• _EXERCISE GOAL_
Among the lines of the records, count those containing the word "sale", then give the number alone.

╭─ SOURCE MATERIAL

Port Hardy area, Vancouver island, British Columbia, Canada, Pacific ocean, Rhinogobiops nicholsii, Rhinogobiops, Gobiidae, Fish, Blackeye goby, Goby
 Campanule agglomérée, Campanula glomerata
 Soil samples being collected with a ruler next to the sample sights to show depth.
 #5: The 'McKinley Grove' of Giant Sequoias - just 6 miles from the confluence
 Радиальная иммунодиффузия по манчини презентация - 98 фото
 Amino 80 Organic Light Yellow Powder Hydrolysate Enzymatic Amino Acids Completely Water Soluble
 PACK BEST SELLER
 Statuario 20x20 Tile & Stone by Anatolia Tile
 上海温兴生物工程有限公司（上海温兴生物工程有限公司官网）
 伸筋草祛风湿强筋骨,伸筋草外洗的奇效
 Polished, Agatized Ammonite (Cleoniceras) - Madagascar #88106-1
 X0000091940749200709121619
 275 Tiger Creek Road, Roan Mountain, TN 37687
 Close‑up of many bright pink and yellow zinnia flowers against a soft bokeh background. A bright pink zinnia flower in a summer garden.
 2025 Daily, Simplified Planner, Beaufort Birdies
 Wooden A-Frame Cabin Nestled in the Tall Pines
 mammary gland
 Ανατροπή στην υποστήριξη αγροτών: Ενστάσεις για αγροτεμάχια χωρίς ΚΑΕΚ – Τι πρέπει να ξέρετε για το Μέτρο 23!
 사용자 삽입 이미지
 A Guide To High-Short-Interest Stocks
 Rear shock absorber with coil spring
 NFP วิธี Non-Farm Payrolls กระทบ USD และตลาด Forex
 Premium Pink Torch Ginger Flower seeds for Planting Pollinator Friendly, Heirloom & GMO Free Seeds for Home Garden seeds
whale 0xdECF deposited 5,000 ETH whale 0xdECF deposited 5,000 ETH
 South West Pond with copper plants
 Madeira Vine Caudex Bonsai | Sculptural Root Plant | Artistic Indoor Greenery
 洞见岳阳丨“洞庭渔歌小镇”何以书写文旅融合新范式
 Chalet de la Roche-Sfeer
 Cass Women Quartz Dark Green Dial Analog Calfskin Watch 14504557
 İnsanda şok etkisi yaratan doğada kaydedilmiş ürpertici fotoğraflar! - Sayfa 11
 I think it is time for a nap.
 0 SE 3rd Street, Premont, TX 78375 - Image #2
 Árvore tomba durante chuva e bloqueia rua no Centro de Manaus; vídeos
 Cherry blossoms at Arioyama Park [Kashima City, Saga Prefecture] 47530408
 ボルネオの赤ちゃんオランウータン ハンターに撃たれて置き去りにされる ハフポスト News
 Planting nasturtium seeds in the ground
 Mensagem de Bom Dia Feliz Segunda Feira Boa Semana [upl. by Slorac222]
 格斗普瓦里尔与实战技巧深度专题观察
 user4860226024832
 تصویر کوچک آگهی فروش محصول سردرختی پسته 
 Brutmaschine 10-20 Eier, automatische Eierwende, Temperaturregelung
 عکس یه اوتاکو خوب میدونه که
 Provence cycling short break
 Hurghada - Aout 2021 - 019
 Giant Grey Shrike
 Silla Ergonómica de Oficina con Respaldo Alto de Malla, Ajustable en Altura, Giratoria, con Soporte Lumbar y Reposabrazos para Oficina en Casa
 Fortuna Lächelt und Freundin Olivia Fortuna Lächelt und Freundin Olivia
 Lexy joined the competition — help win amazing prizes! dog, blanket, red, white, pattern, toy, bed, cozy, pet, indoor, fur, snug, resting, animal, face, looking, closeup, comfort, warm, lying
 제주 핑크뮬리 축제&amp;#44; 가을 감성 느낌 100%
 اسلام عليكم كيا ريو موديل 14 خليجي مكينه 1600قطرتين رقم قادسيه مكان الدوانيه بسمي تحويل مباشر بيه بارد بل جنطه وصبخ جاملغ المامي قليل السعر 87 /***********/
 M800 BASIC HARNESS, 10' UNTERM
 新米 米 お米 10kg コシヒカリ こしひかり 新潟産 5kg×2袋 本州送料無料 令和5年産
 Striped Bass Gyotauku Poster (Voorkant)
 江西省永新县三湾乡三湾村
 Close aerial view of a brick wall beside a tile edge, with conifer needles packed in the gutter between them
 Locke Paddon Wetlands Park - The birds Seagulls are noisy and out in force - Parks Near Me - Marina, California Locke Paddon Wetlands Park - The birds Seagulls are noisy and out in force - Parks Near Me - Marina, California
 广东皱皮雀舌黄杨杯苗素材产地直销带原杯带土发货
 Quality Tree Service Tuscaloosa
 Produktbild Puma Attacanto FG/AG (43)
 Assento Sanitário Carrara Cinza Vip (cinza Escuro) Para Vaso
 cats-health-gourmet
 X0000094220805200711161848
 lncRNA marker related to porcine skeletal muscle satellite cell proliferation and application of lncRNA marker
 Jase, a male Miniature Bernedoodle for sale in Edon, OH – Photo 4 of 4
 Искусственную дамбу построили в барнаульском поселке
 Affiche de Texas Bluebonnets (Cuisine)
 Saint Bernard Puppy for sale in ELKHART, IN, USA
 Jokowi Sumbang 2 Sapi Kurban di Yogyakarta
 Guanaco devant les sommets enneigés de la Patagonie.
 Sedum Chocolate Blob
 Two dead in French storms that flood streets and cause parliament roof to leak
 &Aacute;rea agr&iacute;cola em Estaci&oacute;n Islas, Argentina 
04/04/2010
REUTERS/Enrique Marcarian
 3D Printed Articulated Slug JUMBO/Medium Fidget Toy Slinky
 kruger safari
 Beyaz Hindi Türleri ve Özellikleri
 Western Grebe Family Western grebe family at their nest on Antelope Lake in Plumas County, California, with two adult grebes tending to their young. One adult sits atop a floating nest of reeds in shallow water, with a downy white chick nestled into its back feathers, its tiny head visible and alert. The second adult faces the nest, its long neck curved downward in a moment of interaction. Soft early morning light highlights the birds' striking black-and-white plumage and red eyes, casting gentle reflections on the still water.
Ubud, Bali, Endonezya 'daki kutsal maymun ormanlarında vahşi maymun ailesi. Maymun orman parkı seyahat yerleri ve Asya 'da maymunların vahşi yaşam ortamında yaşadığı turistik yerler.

╰─

• _SOLUTION FOR THIS EXERCISE_
2